[Records for the task Boundary: Start]

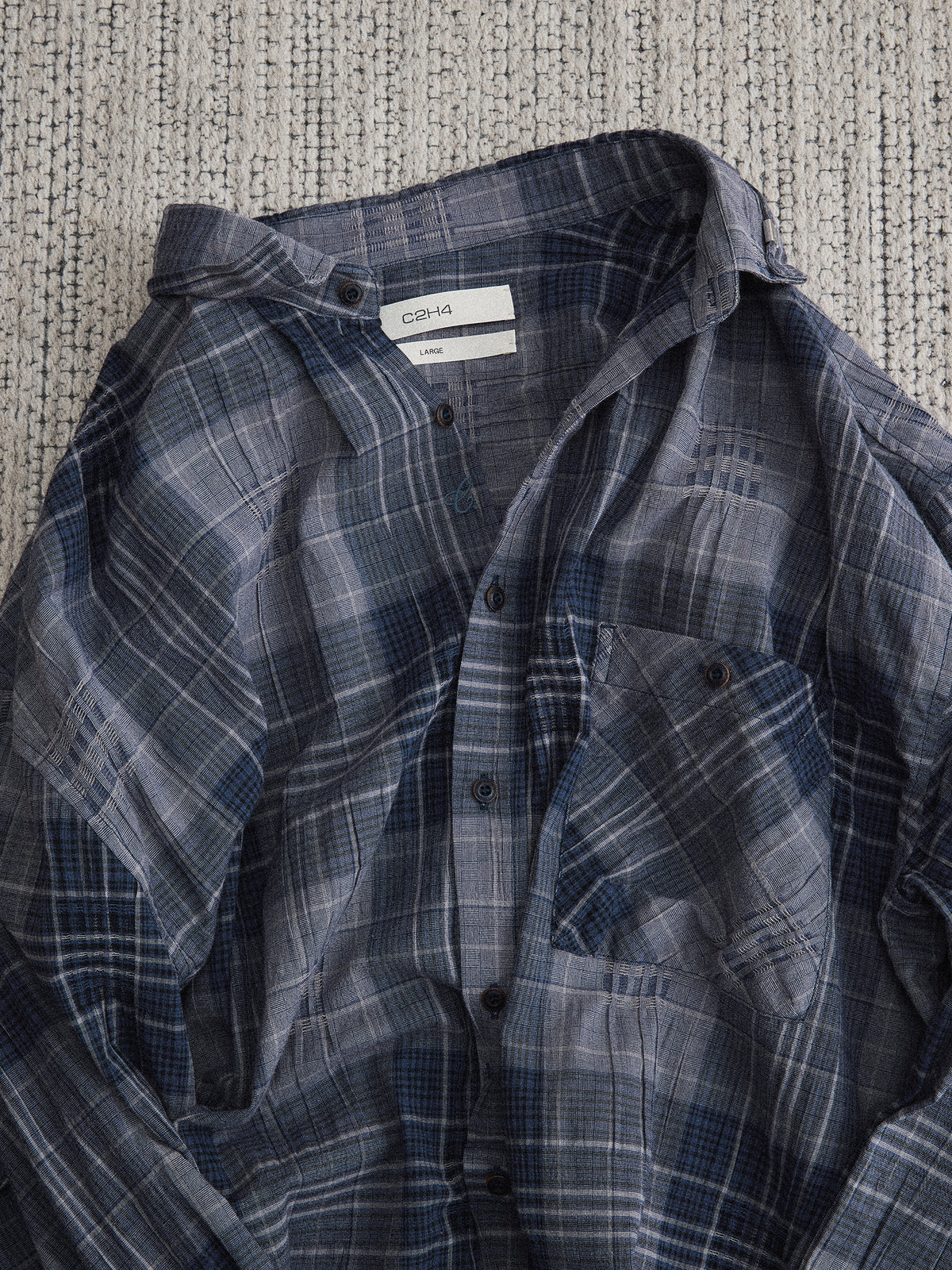 Old Time Wardrobe Wrinkled Shirt — Slate Blue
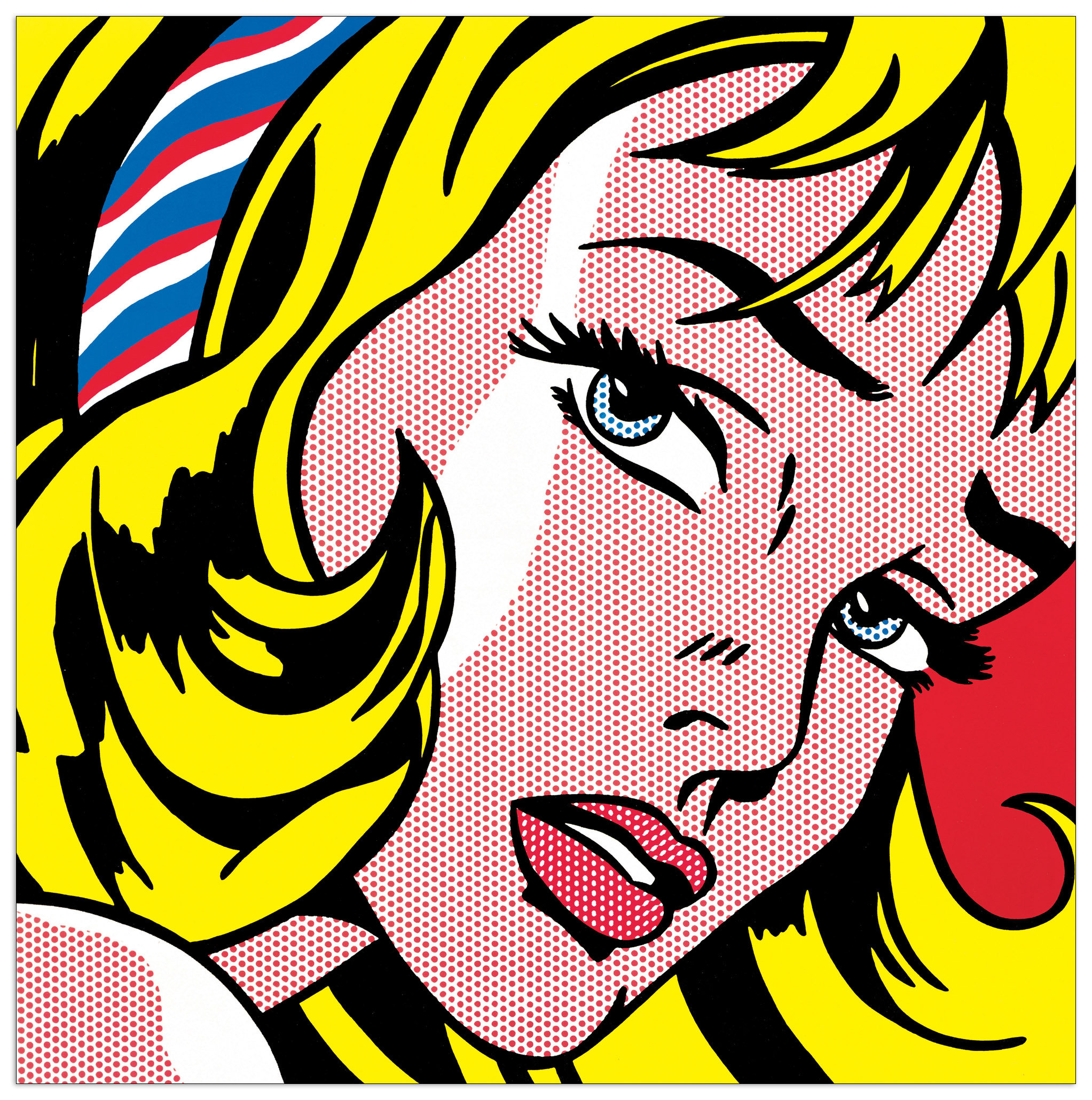 East Urban Home 'Girl with Hair Ribbon, 1965' by Lichtenstein ...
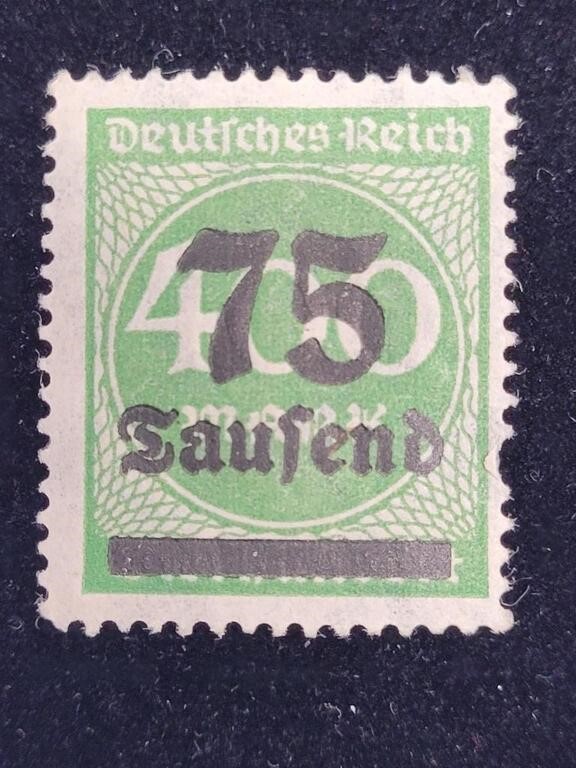 1923 Germany 75 Tausend Weimar Republic Stamp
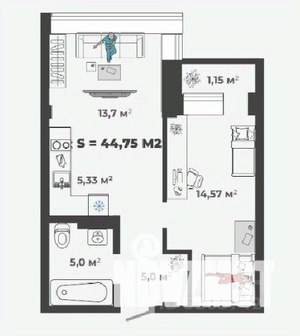 1-к квартира, строящийся дом, 45м2, 13/13 этаж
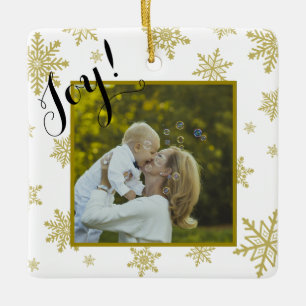 Joy! Fun Gold & white Snowflakes Christmas Photo Ceramic Ornament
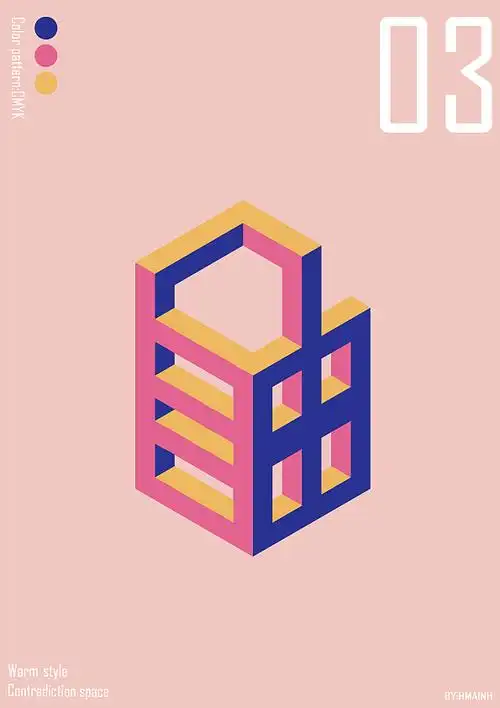 矛盾空间立体字海报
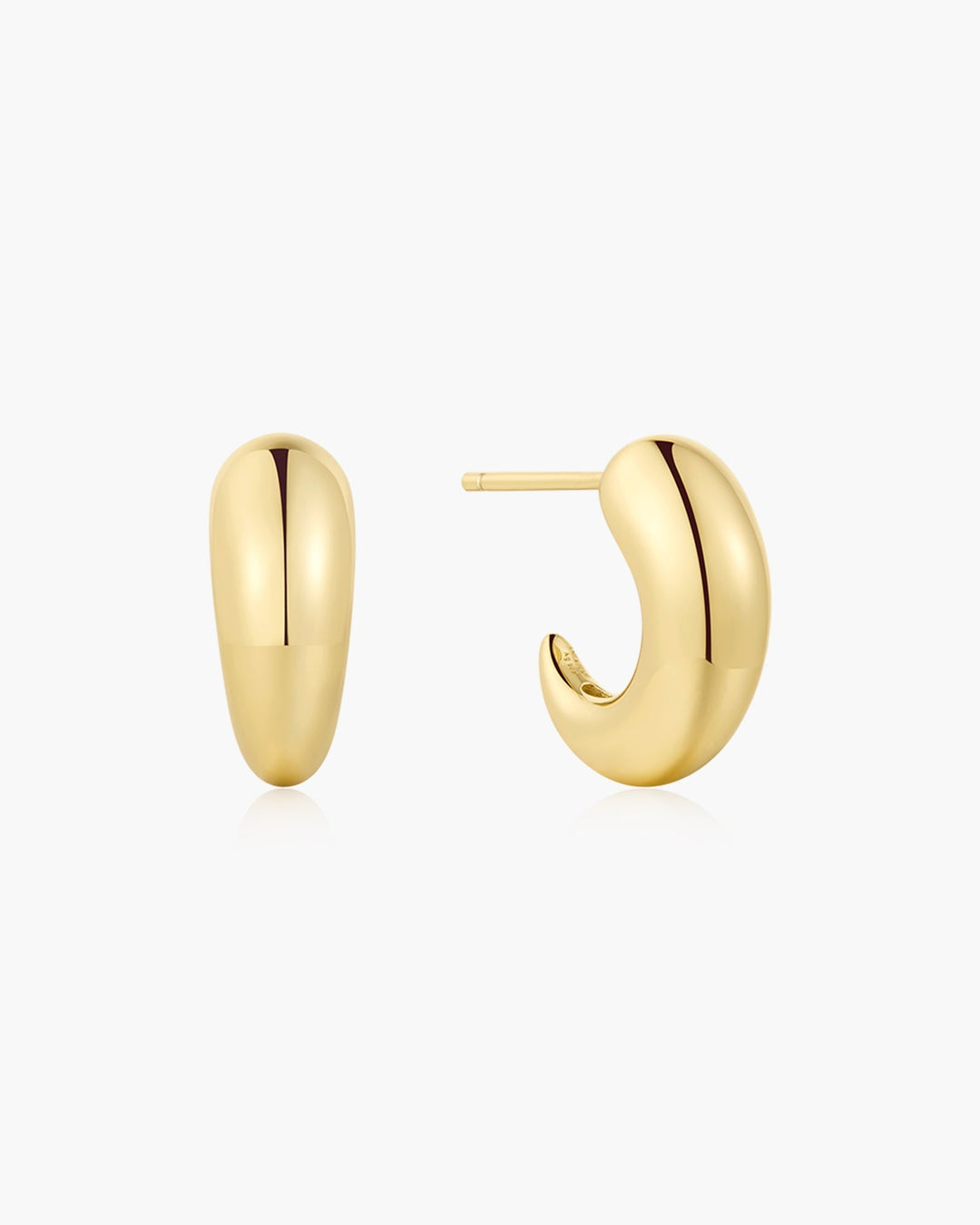 Gold Dome Stud Hoop Earrings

[Records for the task Boundary: End]

● **Problem to solve**: Copy the records above precisely, and leave every image out of the copy.

● **Exercise output**:
 Old Time Wardrobe Wrinkled Shirt — Slate Blue
 East Urban Home 'Girl with Hair Ribbon, 1965' by Lichtenstein ...
 1923 Germany 75 Tausend Weimar Republic Stamp
 1-к квартира, строящийся дом, 45м2, 13/13 этаж
 Joy! Fun Gold & white Snowflakes Christmas Photo Ceramic Ornament
 矛盾空间立体字海报
 Gold Dome Stud Hoop Earrings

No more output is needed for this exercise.